Once you have read the data below, please repeat all of it exactly.
⟨
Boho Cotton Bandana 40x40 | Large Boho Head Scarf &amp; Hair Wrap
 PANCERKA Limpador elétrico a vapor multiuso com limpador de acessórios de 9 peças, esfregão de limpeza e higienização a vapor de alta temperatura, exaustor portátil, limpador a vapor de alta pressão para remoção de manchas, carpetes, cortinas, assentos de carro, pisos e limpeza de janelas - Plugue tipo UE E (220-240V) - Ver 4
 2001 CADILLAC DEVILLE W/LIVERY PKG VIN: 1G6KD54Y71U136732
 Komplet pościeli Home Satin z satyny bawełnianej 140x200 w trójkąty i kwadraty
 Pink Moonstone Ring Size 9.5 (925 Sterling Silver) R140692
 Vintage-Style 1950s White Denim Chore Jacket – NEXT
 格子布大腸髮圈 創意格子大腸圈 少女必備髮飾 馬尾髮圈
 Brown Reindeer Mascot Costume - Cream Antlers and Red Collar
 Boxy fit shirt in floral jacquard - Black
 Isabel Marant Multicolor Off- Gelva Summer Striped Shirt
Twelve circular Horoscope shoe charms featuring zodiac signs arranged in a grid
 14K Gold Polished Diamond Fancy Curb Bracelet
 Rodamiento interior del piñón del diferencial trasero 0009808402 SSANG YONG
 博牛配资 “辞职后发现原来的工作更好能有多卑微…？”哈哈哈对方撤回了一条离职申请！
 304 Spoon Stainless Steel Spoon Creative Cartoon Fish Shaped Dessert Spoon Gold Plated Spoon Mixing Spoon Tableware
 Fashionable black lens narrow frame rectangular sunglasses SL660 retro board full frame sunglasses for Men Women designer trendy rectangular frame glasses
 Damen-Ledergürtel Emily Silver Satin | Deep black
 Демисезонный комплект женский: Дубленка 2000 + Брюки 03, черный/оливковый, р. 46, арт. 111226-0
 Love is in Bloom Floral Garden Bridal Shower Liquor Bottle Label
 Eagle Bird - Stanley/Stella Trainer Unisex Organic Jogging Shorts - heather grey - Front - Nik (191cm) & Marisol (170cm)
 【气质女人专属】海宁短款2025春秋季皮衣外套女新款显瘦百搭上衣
⟩
### Result:
Boho Cotton Bandana 40x40 | Large Boho Head Scarf &amp; Hair Wrap
 PANCERKA Limpador elétrico a vapor multiuso com limpador de acessórios de 9 peças, esfregão de limpeza e higienização a vapor de alta temperatura, exaustor portátil, limpador a vapor de alta pressão para remoção de manchas, carpetes, cortinas, assentos de carro, pisos e limpeza de janelas - Plugue tipo UE E (220-240V) - Ver 4
 2001 CADILLAC DEVILLE W/LIVERY PKG VIN: 1G6KD54Y71U136732
 Komplet pościeli Home Satin z satyny bawełnianej 140x200 w trójkąty i kwadraty
 Pink Moonstone Ring Size 9.5 (925 Sterling Silver) R140692
 Vintage-Style 1950s White Denim Chore Jacket – NEXT
 格子布大腸髮圈 創意格子大腸圈 少女必備髮飾 馬尾髮圈
 Brown Reindeer Mascot Costume - Cream Antlers and Red Collar
 Boxy fit shirt in floral jacquard - Black
 Isabel Marant Multicolor Off- Gelva Summer Striped Shirt
Twelve circular Horoscope shoe charms featuring zodiac signs arranged in a grid
 14K Gold Polished Diamond Fancy Curb Bracelet
 Rodamiento interior del piñón del diferencial trasero 0009808402 SSANG YONG
 博牛配资 “辞职后发现原来的工作更好能有多卑微…？”哈哈哈对方撤回了一条离职申请！
 304 Spoon Stainless Steel Spoon Creative Cartoon Fish Shaped Dessert Spoon Gold Plated Spoon Mixing Spoon Tableware
 Fashionable black lens narrow frame rectangular sunglasses SL660 retro board full frame sunglasses for Men Women designer trendy rectangular frame glasses
 Damen-Ledergürtel Emily Silver Satin | Deep black
 Демисезонный комплект женский: Дубленка 2000 + Брюки 03, черный/оливковый, р. 46, арт. 111226-0
 Love is in Bloom Floral Garden Bridal Shower Liquor Bottle Label
 Eagle Bird - Stanley/Stella Trainer Unisex Organic Jogging Shorts - heather grey - Front - Nik (191cm) & Marisol (170cm)
 【气质女人专属】海宁短款2025春秋季皮衣外套女新款显瘦百搭上衣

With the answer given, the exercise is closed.